As output, give the exact lines from the one containing "Excelの面倒な作業を自動化します 毎日の転記・集計・入力作業を効率化！ イメージ2" through the end of the listing below, both included, without the pictures.

----------------------------------------

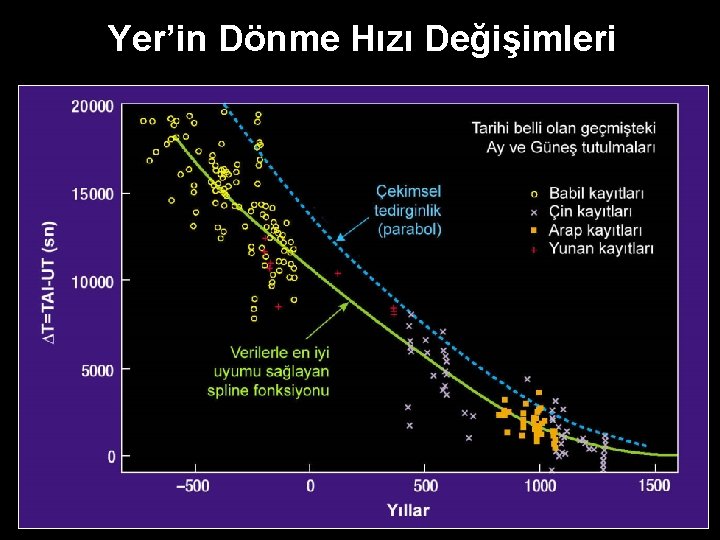 Yer’in Dönme Hızı Değişimleri 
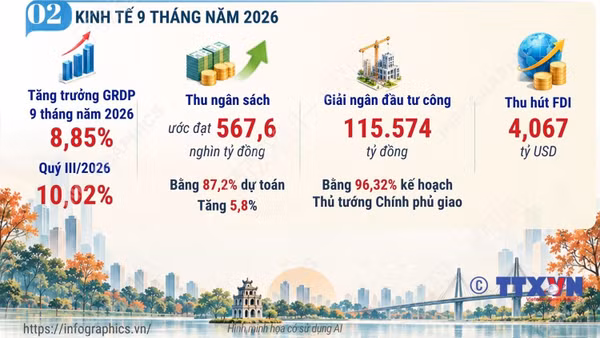 Kinh tế Thủ đô Hà Nội duy trì tăng trưởng ấn tượng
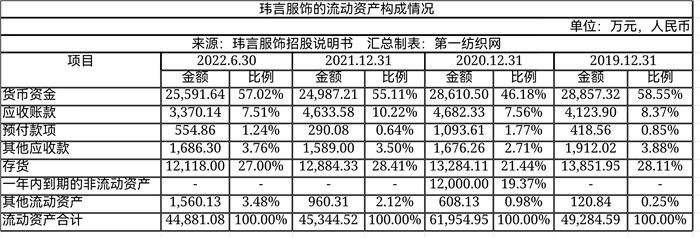 高端女装品牌ipo,一年营收破亿的女装品牌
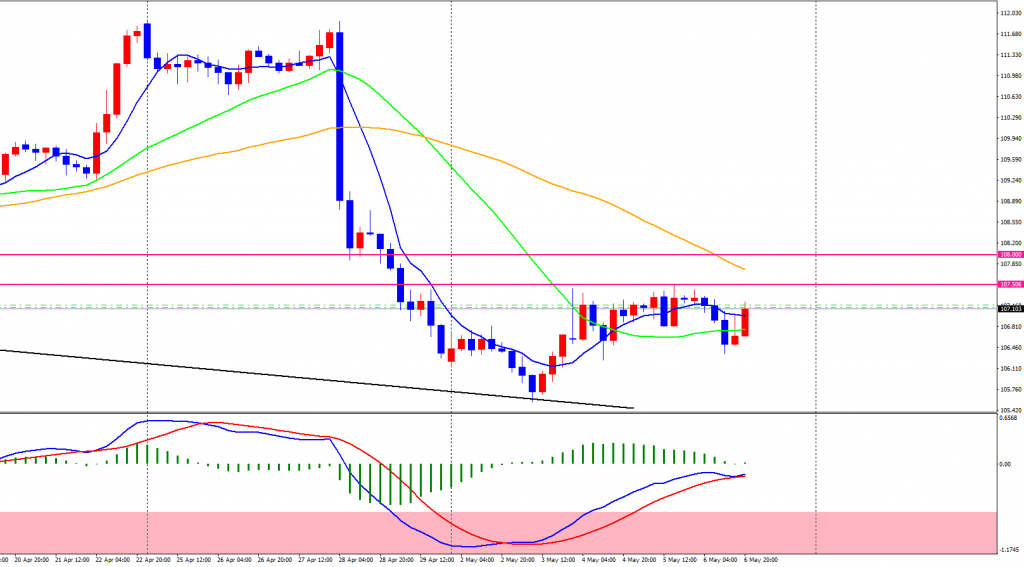 USDJPY-cdH4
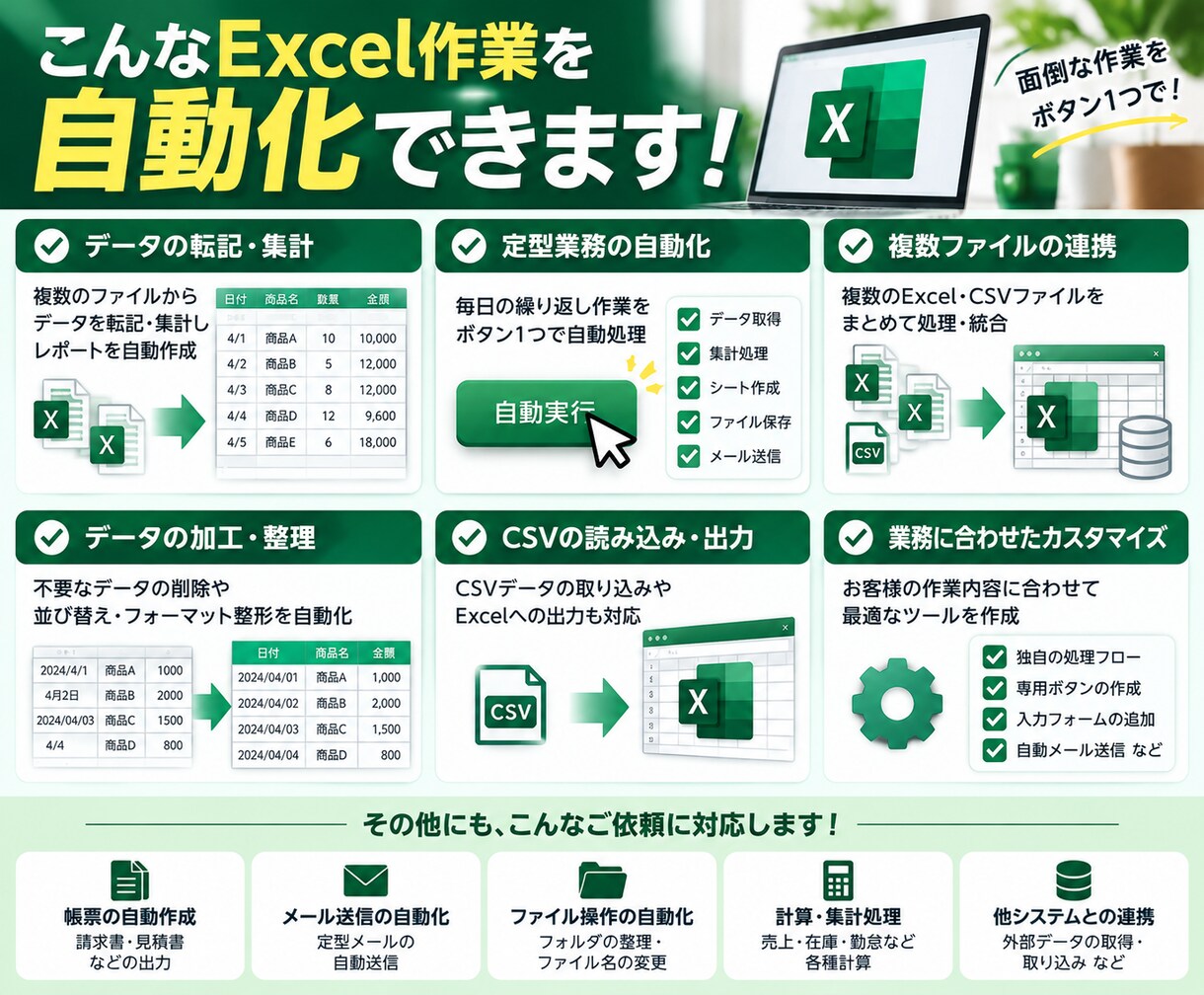 Excelの面倒な作業を自動化します 毎日の転記・集計・入力作業を効率化！ イメージ2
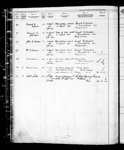 HATTIE C., Port of Registry: SAINT JOHN, NB, 37/1883 1883-1924
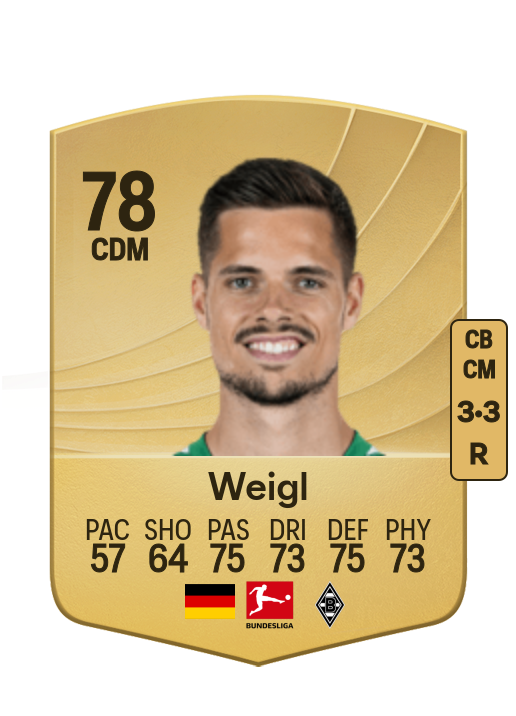 Julian Weigl card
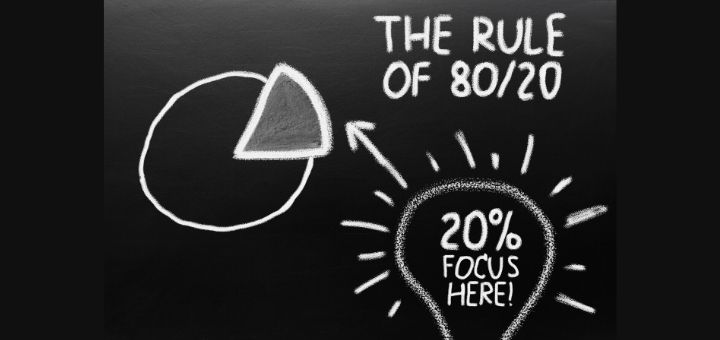 What is the 80/20 rule in social media marketing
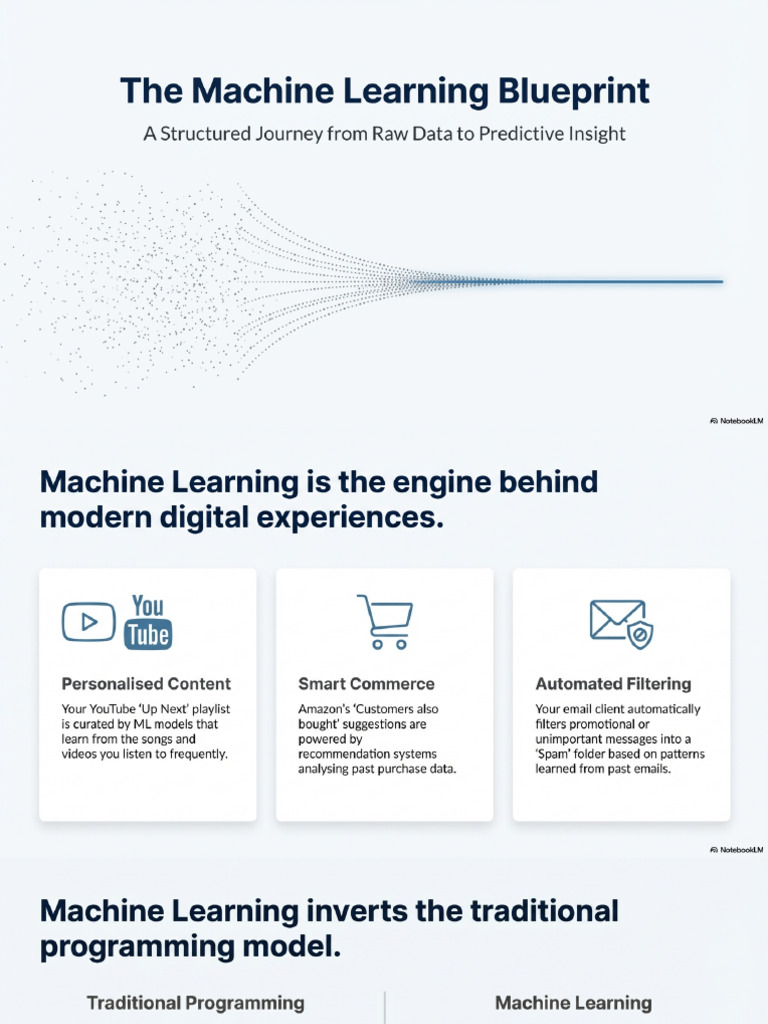 The Machine Learning Blueprint | PDF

----------------------------------------

*Answer to this task*
 Excelの面倒な作業を自動化します 毎日の転記・集計・入力作業を効率化！ イメージ2
 HATTIE C., Port of Registry: SAINT JOHN, NB, 37/1883 1883-1924
 Julian Weigl card
 What is the 80/20 rule in social media marketing
 The Machine Learning Blueprint | PDF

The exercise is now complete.